岸田首相の場合はリモートワークで対応するとのことで政治には大きな混乱が生じていないようですが、しかし世間では脱リモートに舵が切られています。リモートワーク「させない」職場のコロナ感染者はどうしているのでしょうか。現状では一定期間の隔離が求められますけれど、丸々1週間も会社を休むような事態となると「本当に」忙しい人には大打撃です。致死率が低かろうとも、仕事に穴を開けられない「本当に」忙しい人はなんとしても感染を避けなければなりません。
しかるにBA5と呼ばれる昨今の流行の型は感染力が強く、個人の努力での感染防止には限界があります。そこは公衆衛生の水準を引き上げていく他ないはずですが、日本がやっていることは真逆です。勿論ヒマな人にとっては仕事に穴を開けるリスクなんて微々たるもの、さらに症状を甘く見ているようであればコロナ感染はちょっとした休暇期間ぐらいに感じられるのかも知れません。そうした人が世論の主流派を形成している結果が今に至るのでしょう。
リモートワークは緊急自体における事業継続計画の一つでもあります。組織のトップが疫病に感染したとしても隔離された環境で業務を継続できると言うことは人類の進歩の一つです。しかし健康であれば国会への「出勤」が義務づけられているのが現状で、リモートワークは非常措置としてしか受け入れられていないとも言えます。国家の長がリモートで対応しているのなら、官公庁も民間企業もそれに倣って良さそうなところ、しかしコロナ前の旧態依然たる働き方を正常と位置づける価値観は変わらないようです。

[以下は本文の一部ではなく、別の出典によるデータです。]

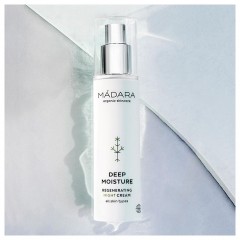 MADARA Regenerating Night Cream Восстанавливающий ночной крем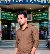 SK Liton Shaikh, 28, Kumar Khad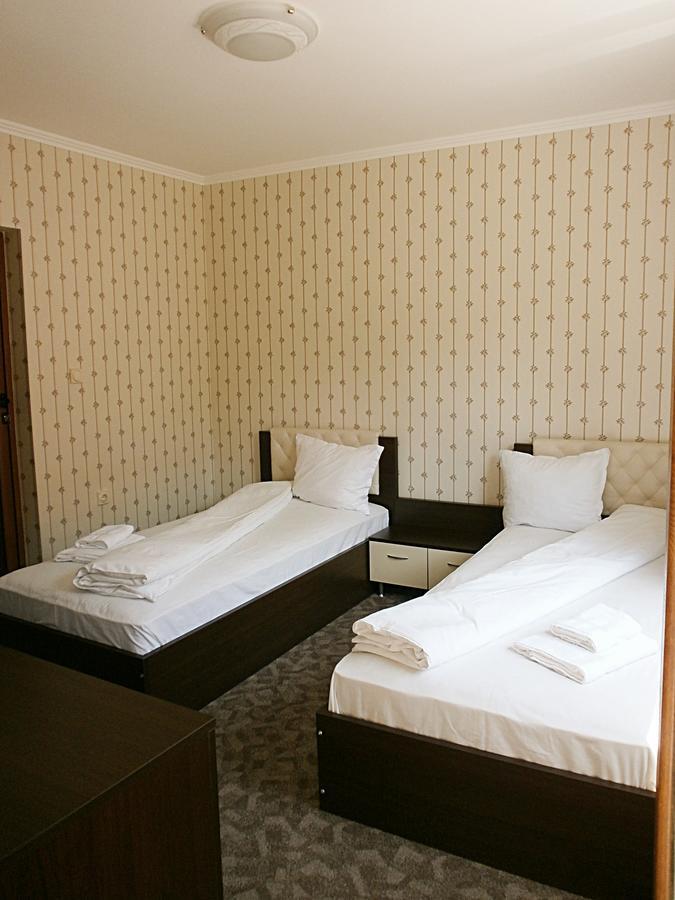 Guest House Saint Apostol 内塞伯尔 外观 照片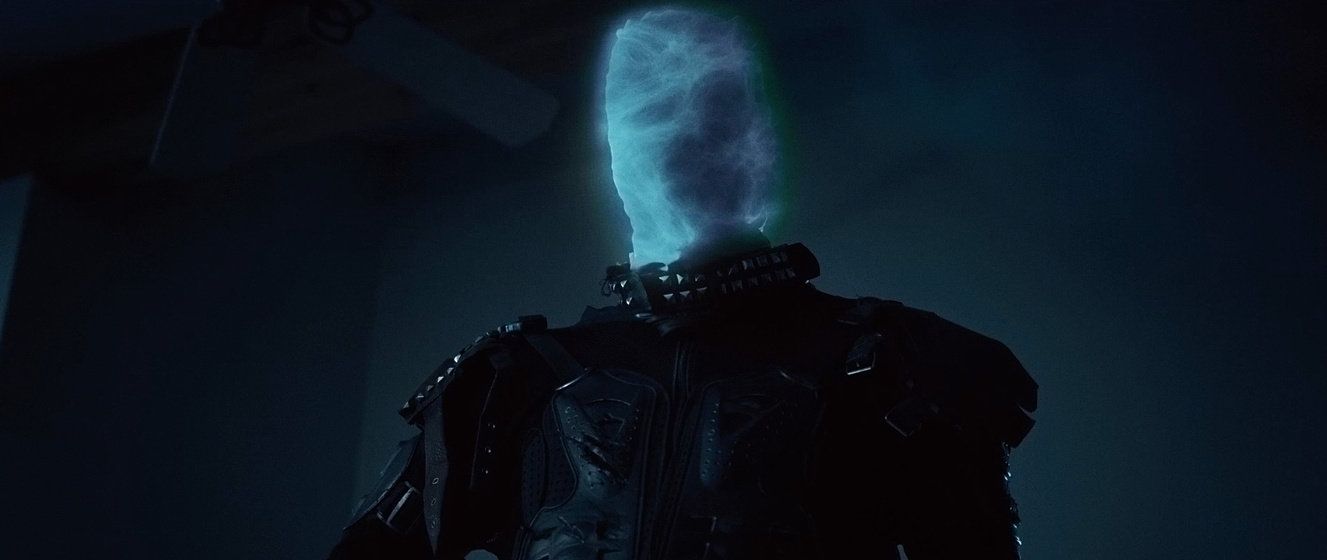 Imagen de Critters: Bounty Hunter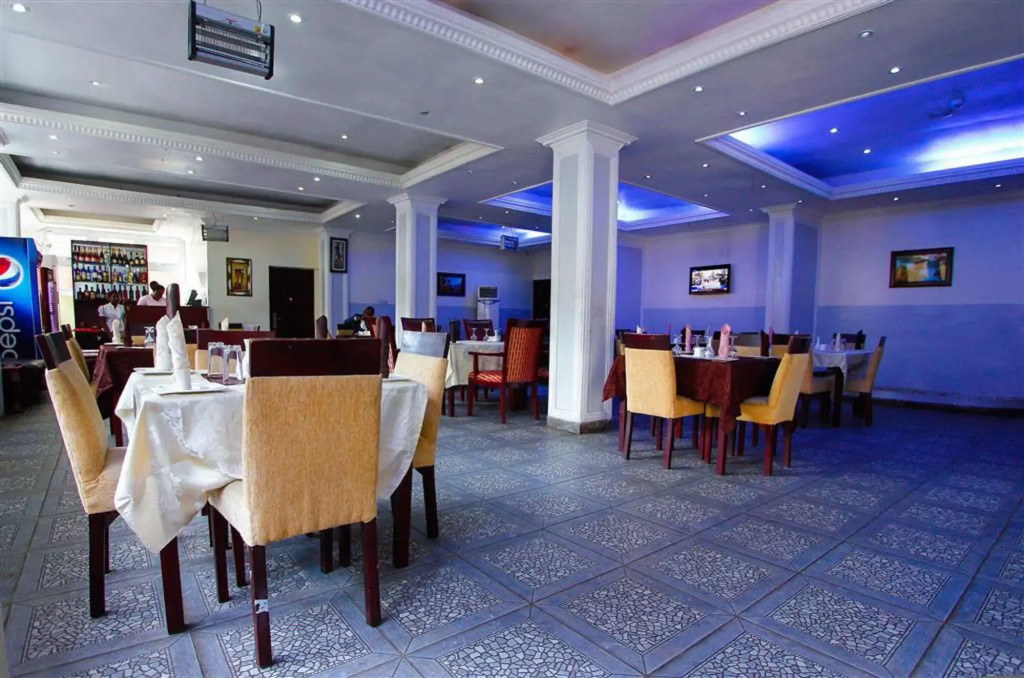 Beni Hotels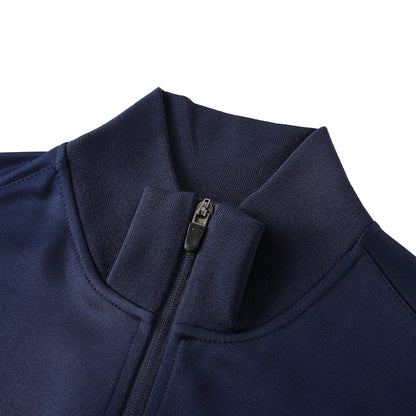 PSG Anthem Jacket Navy 2025/26
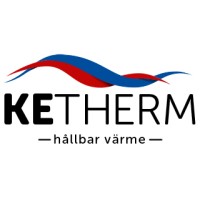 KE THERM AB logo - Similar company to Lunet Ab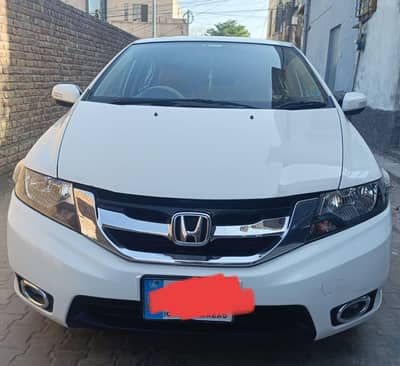 Honda city 1.3
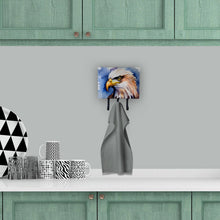 Load image into Gallery viewer, Eagle Leash or Key Holder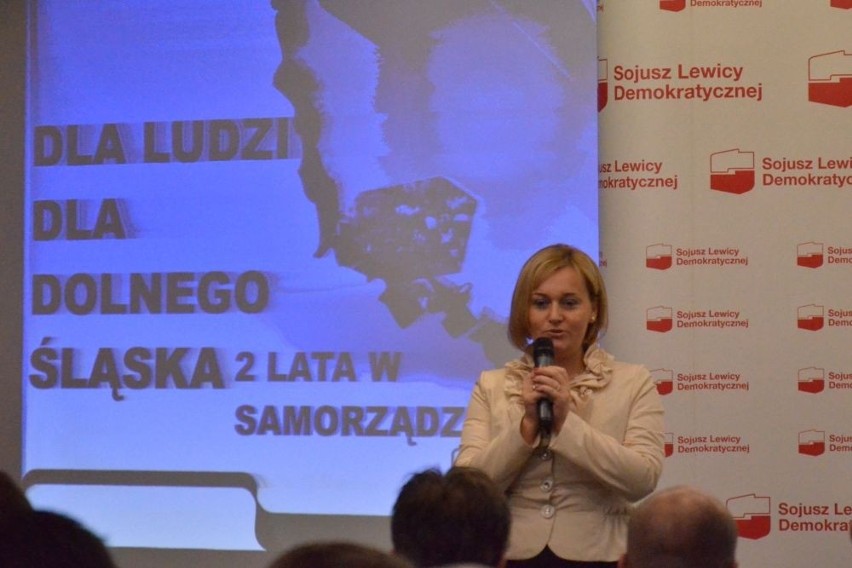 Dolnośląski SLD rozpoczął kampanię wyborczą. Kto kandydatem na prezydenta Wrocławia?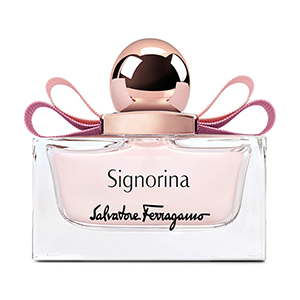 عطر سالواتوره فراگامو سیگنورینا از برند عطریانی | Salvatore Ferragamo Signorina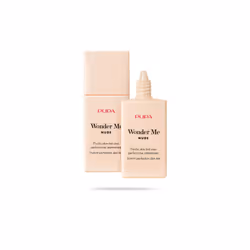 PUPA Milano Wonder Me Nude 30 ml Bouteille Liquide 030 Sand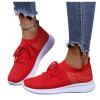 ZBYY Women Tennis Shoes Breathable Casual Sneaker Lightweight Running Athletic Slip on Comfort Work Walking Sneakers view 1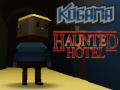 Gioco Kogama Hotel Infestato in linea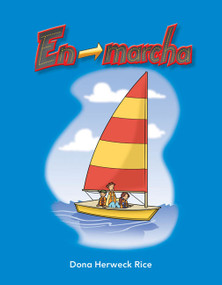 En marcha (Spanish Edition) by Dona Herweck Rice, 9781433321146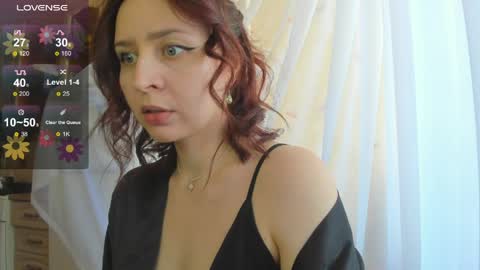 Iris online show from March 28, 2026, 9:53 am
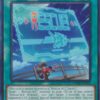 MZMI-EN078 - RESCUE! - Rare - 1st Edition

これだけ感染が広範に拡大すれば何事にも支障を来さずにはいられない、経済を回すためには感染を抑えなければならないはずですが、そういう方向とは真逆を向いているのは何故でしょうか。ただ会社に出勤しているだけ、雑談や喫煙で時間を潰して仕事をしているフリをしているだけの人を多く抱えているのなら、まぁ出勤できない人の割合が高まったところで大差ないのかも知れません。後は感染症対策を緩和して、経済を優先しているフリをするだけです。
あるいは新型コロナウィルスの感染症分類を格下げすることで、最終的には従来型のコロナウィルス(すなわち風邪)のように、感染していてもガンガン出勤、ガンガン外出する社会へと移行することが目論まれているのでしょうか。新型コロナ以前は電車の中でもオフィスでも、周囲を憚らずゲヘゲへと喉を鳴らして、辛くても頑張る自分をアピールする人が多かったわけです。いずれは新型コロナもそういう扱いになると思われますが、これは公衆衛生の面でも脅威であり社会の後退に他なりません。でもそれが、日本流の経済優先策なのでしょう。